• Given records:

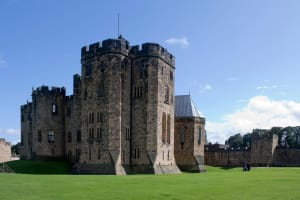 Alnwick Castle and Scottish Borders Tour 4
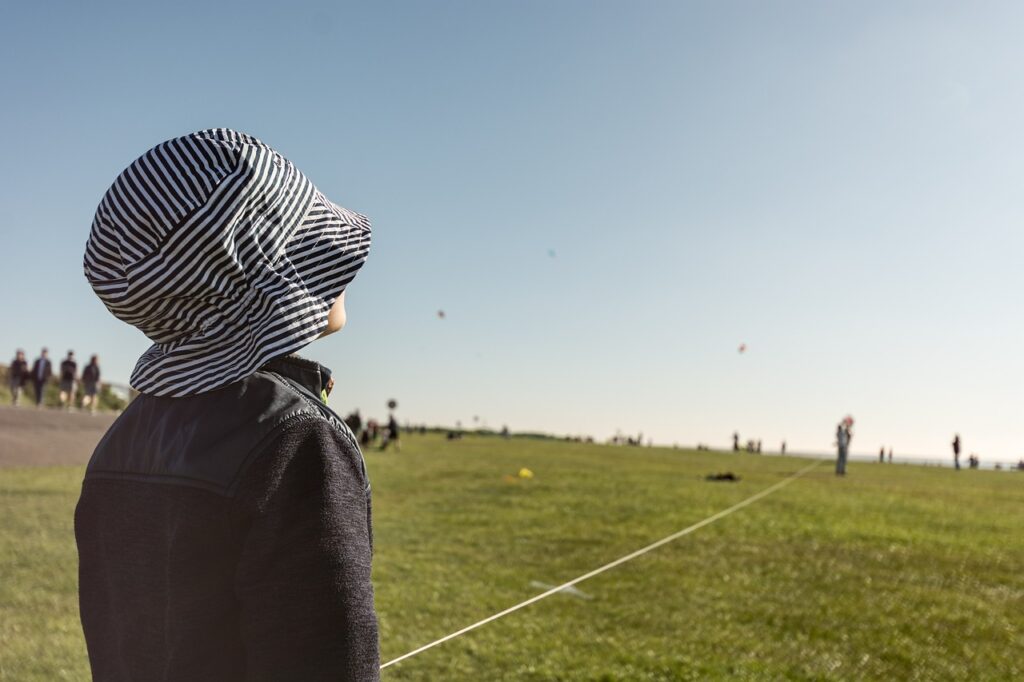 袖がずれ上がるインナーの対策にはどんな方法がある？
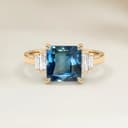Bague Art Deco Spinelle Bleu Carré de 0,90ct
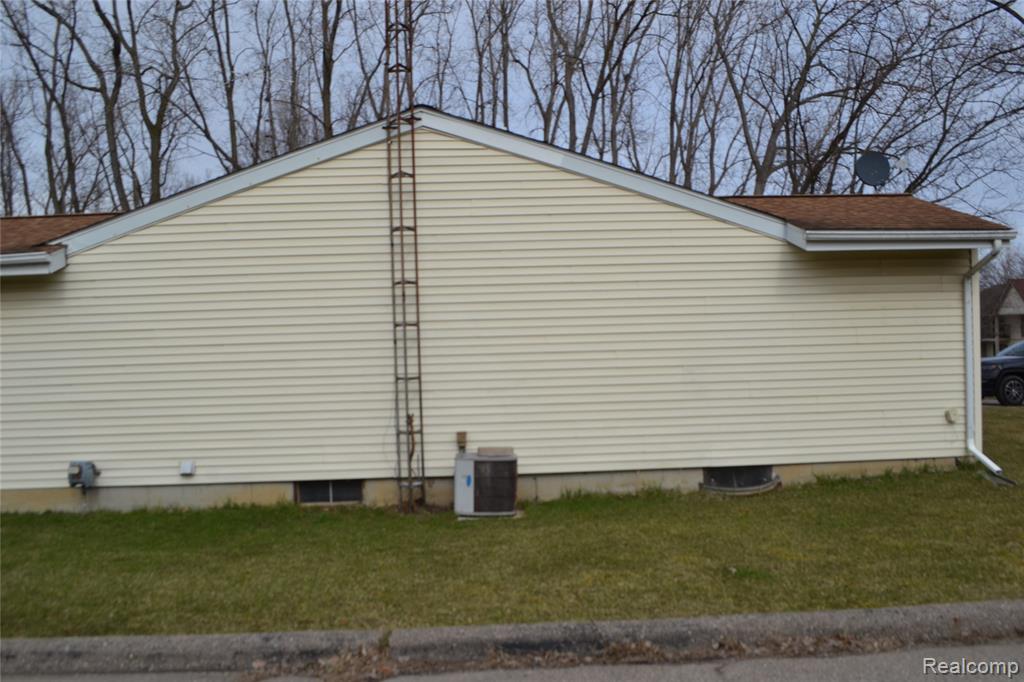 1119 River Valley Dr Drive, Flint, MI 48532 — Photo 29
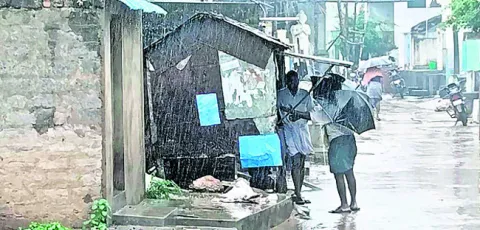 విచ్చలవిడిగా మద్యం విక్రయాలు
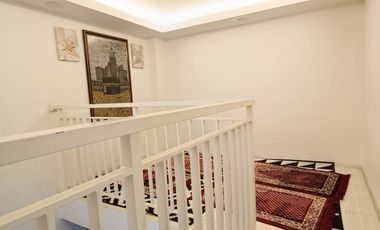 Dijual rumah baru design modern full furnished siap huni di mampang
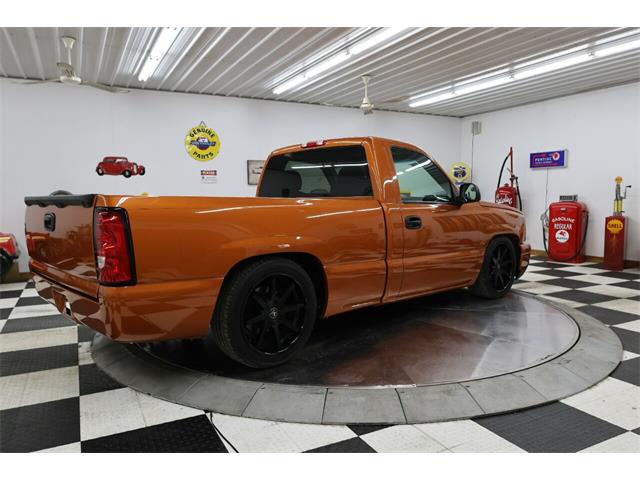 2004 Chevrolet Silverado (CC-1831684) for sale in Clarence, Iowa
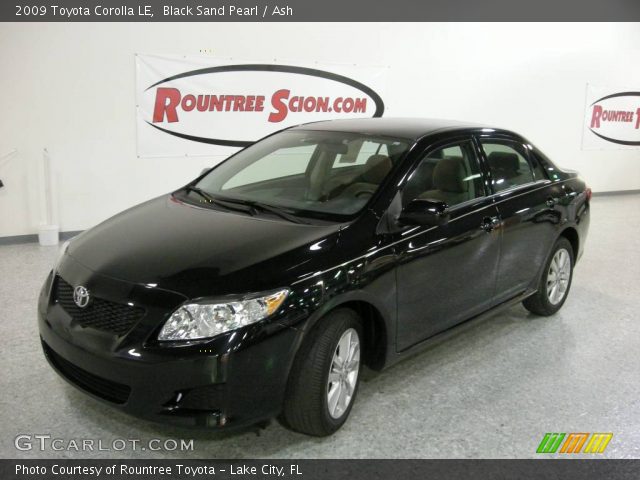 2009 Toyota Corolla LE in Black Sand Pearl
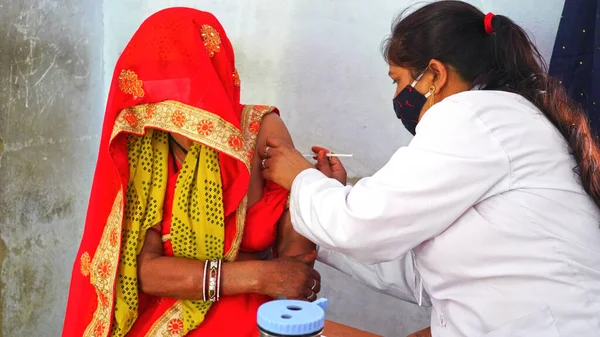 Aprilie 2021 Akhepura Sikar India Medicul Care Face Injecție Vaccin — Fotografie, imagine de stoc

• Work item:
Write out the listing word for word, omitting the pictures it holds.

• Exercise response:
 Alnwick Castle and Scottish Borders Tour 4
 袖がずれ上がるインナーの対策にはどんな方法がある？
Bague Art Deco Spinelle Bleu Carré de 0,90ct
 1119 River Valley Dr Drive, Flint, MI 48532 — Photo 29
 విచ్చలవిడిగా మద్యం విక్రయాలు
 Dijual rumah baru design modern full furnished siap huni di mampang
 2004 Chevrolet Silverado (CC-1831684) for sale in Clarence, Iowa
 2009 Toyota Corolla LE in Black Sand Pearl
 Aprilie 2021 Akhepura Sikar India Medicul Care Face Injecție Vaccin — Fotografie, imagine de stoc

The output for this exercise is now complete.